Our insight is that the same view tree in Fig. 1 can compute the gradient vector used for learning \(f_{a,c}\), where we replace the SQL SUM and * operators.
As shown in Sect. 8.1, the gradient of the square loss objective function needs the computation of three types of aggregates: the scalar \(c \) that is the count aggregate SUM(1); the vector \(\varvec{s} \) of linear aggregates SUM(i), for \(i\in \{\texttt {B},\texttt {D},\texttt {E}\}\); and the matrix \(\varvec{Q} \) of quadratic aggregates SUM(\(i*j\)), where \(i,j\in \{\texttt {B},\texttt {D},\texttt {E}\}\). These aggregates capture the correlation between the features and the label.
We treat these aggregates as one compound aggregate \((c,\varvec{s},\varvec{Q})\) so we can share computation across them. This compound aggregate can be partially pushed past joins similarly to the SUM aggregate discussed before. Its values are carried in the key payloads of views in the view tree from Fig. 1. For instance, the partial compound aggregate \((c _\texttt {T},\varvec{s} _\texttt {T},\varvec{Q} _\texttt {T})\) at the view V\(_\texttt {T}\) computes, for each C-value, the count, sum, and sum of squares of the D-values in T. Similarly, the partial aggregate \((c _\texttt {S},\varvec{s} _\texttt {S},\varvec{Q} _\texttt {S})\) at the view V\(_\texttt {S}\) computes, for each pair (A, C), the count, sum, and sum of squares of E-values in S. In the view V\(_\texttt {ST}\), which is the join of V\(_\texttt {T}\) and V\(_\texttt {S}\), each key (a, c) is associated with the multiplication of the payloads for the keys c in V\(_\texttt {T}\) and (a, c) in V\(_\texttt {S}\). This multiplication works on compound aggregates: The scalar \(c _\texttt {ST}\) is the arithmetic multiplication of \(c _\texttt {T}\) and \(c _\texttt {S}\); the vector of linear aggregates \(\varvec{s} _\texttt {ST}\) is the sum of the scalar-vector products \(c _\texttt {T}\varvec{s} _\texttt {S}\) and \(c _\texttt {S}\varvec{s} _\texttt {T}\); finally, the matrix \(\varvec{Q} _\texttt {ST}\) of quadratic aggregates is the sum of the scalar-matrix products \(c _\texttt {T}\varvec{Q} _\texttt {S}\) and \(c _\texttt {S}\varvec{Q} _\texttt {T}\), and of the outer products of the vectors \(\varvec{s} _\texttt {T}\) and the transpose of \(\varvec{s} _\texttt {S}\) and also of \(\varvec{s} _\texttt {S}\) and the transpose of \(\varvec{s} _\texttt {T}\). Our approach shares the computation across the aggregates: The scalar aggregates are used to scale up the linear and quadratic aggregates, while the linear aggregates are used to compute the quadratic aggregates.

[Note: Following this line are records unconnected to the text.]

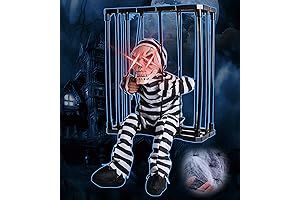 Motion Activated Skeleton Halloween Decor with Prisoner Cage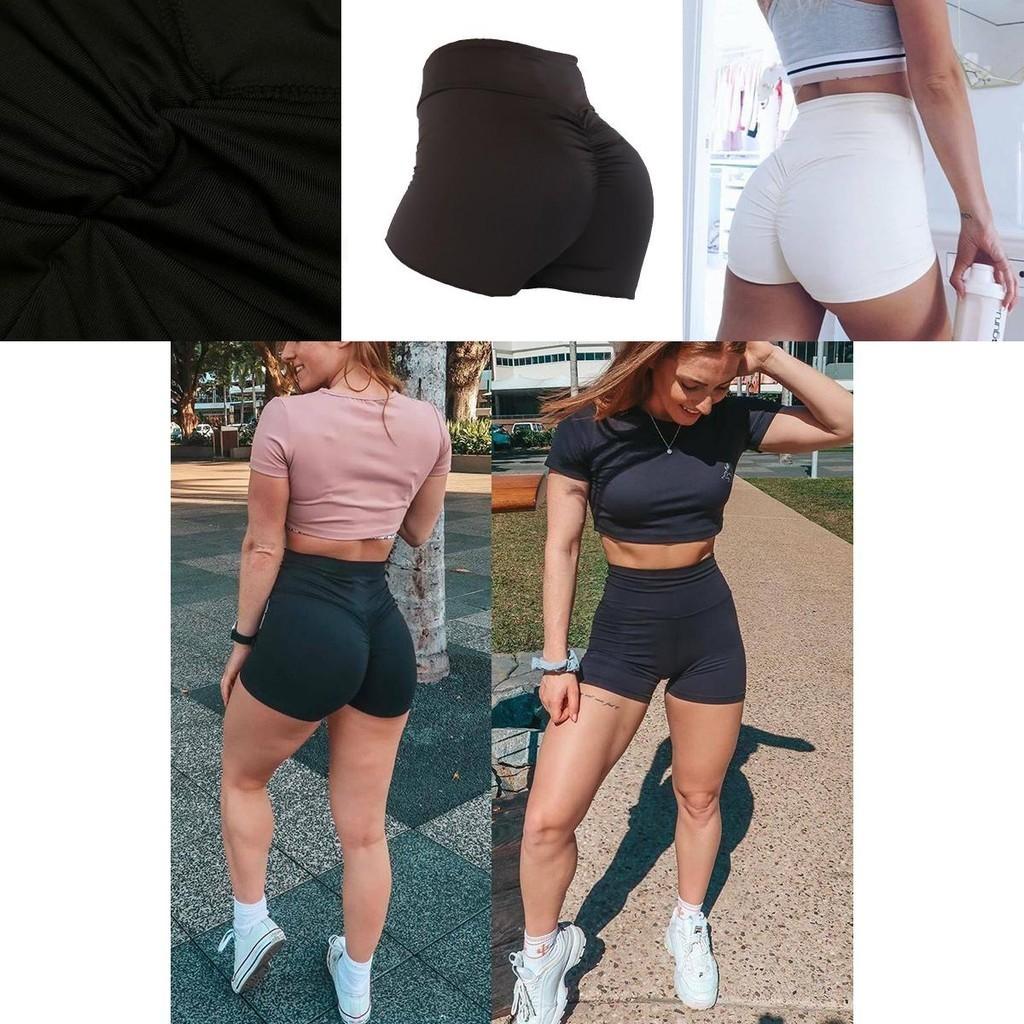 High Waist Yoga Shorts With Push Up Ruched Design For Gym Workouts**
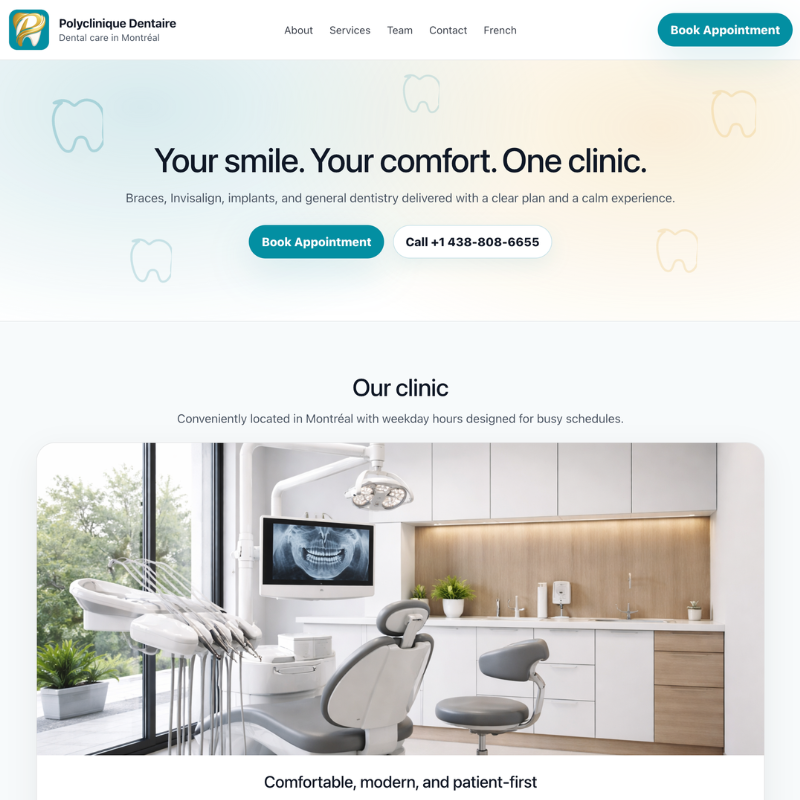 Exemple de site Polyclinique Dentaire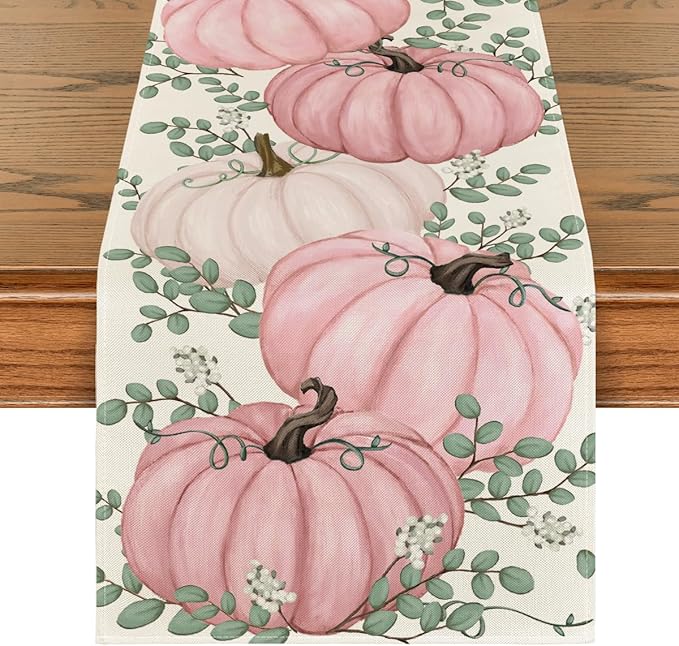 Artoid Mode 210 GSM Fall Table Runner 13x72 Inch Home Party Decor | Pink by ArtoidMode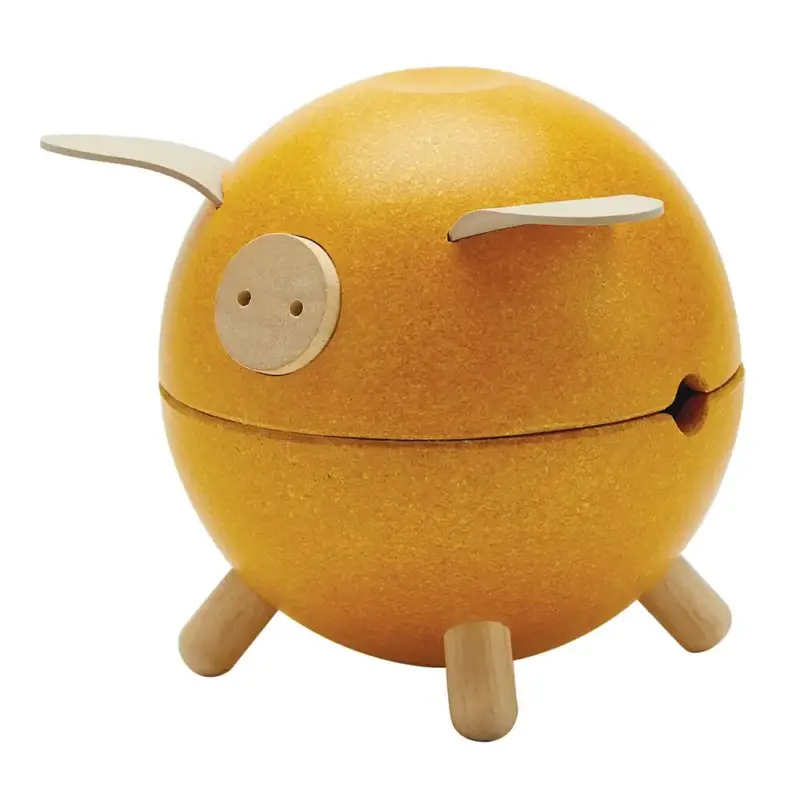 Plan Toys Sparschwein Holz gelb Bestpreis
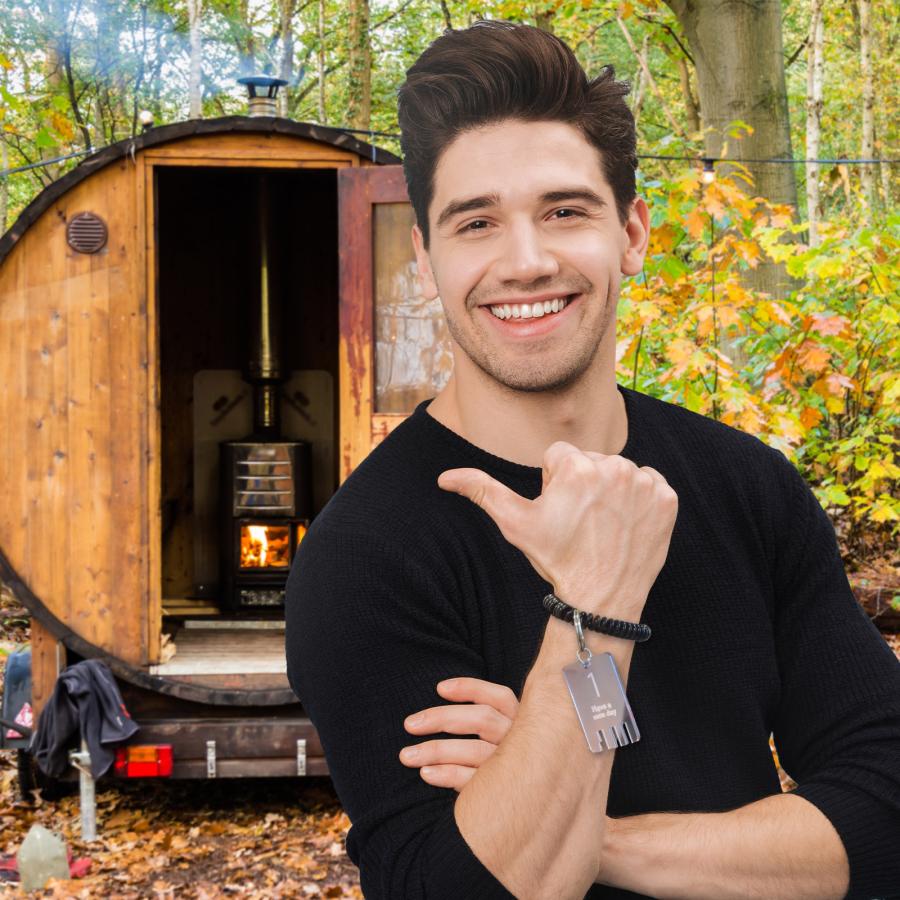 手首用 コイルブレスレット 二重 リング付き コイルキーホルダー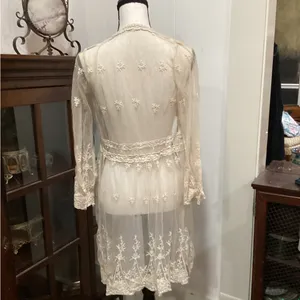 Elegant Cream Sheer Lace Cardigan thumbnail 3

We now turn to incremental view maintenance. F-IVM operates over view trees. Whereas for non-incremental computation we only materialize the top view in the tree and the input relations, for incremental computation we may materialize additional views to speed up the maintenance task. Our approach is an instance of higher-order IVM, where an update to one relation may trigger the maintenance of several views.
Figure 1 shows the leaf-to-root maintenance paths under changes to \(\texttt {S}\) and \(\texttt {T}\). For updates \(\delta {\texttt {S}}\) to \(\texttt {S}\), each delta view \(\delta {V_\texttt {S}}\), \(\delta {V_\texttt {ST}}\), and \(\delta {\texttt {Q}}\) is computed using delta rules:
×
An update may consist of both inserts and deletes, which are encoded as keys with positive and respectively negative payloads. For the count aggregate, the payload is 1 for an insert and \(-1\) for a delete. For the compound aggregate, the payload is \((1, \textbf{0}_{5 \times 1}, \textbf{0}_{5 \times 5})\) for an insert and \((-1, \textbf{0}_{5 \times 1}, \textbf{0}_{5 \times 5})\) for a delete, where \(\textbf{0}_{n \times m}\) is the n-by-m matrix with all zero values.
F-IVM materializes and maintains views depending on the update workload. For updates to all input relations, it materializes each view in the view tree. For updates to R only, it materializes V\(_\texttt {ST}\); for updates to S only, it materializes V\(_\texttt {R}\) and V\(_\texttt {T}\); for updates to T only, it materializes V\(_\texttt {R}\) and V\(_\texttt {S}\). F-IVM takes constant time for updates to S and linear time for updates to R and T; these complexities are in the number of distinct keys in the views. In contrast, the first-order IVM computes one delta query per each updated relation and without the use of extra views. It takes linear time for updates to any of the three relations for our example query. The fully recursive higher-order IVM constructs a view tree for each delta query, so overall more views, including the view materializing the join of V\(_\texttt {R}\), V\(_\texttt {S}\), and \(\delta {\texttt {T}}\).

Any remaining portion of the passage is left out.